Information provided ->
+ + +
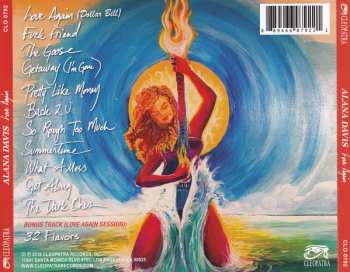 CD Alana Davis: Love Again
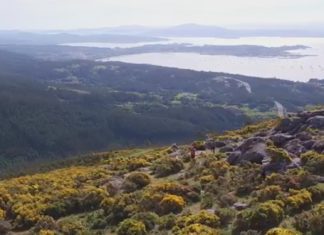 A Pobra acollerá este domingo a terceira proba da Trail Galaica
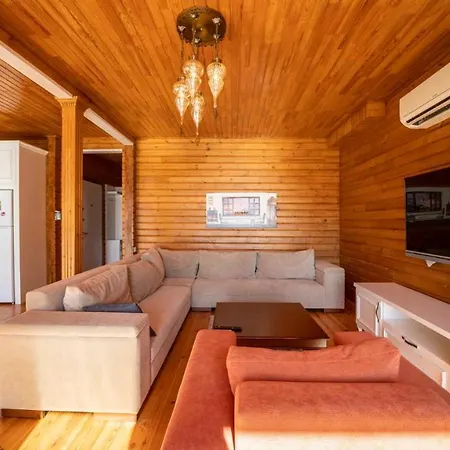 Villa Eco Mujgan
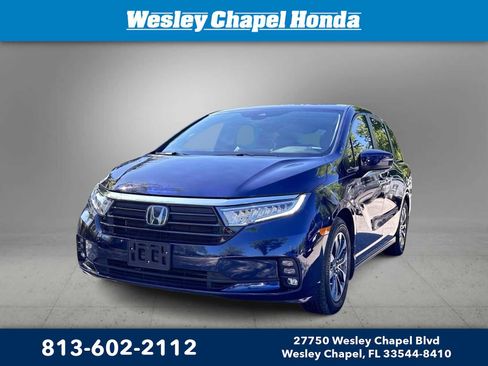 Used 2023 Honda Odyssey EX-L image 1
+ + +
Task directions ->
The pictures alone are to be left out when the data above is copied; all else must match exactly.

Task response ->
 CD Alana Davis: Love Again
 A Pobra acollerá este domingo a terceira proba da Trail Galaica
 Villa Eco Mujgan
 Used 2023 Honda Odyssey EX-L image 1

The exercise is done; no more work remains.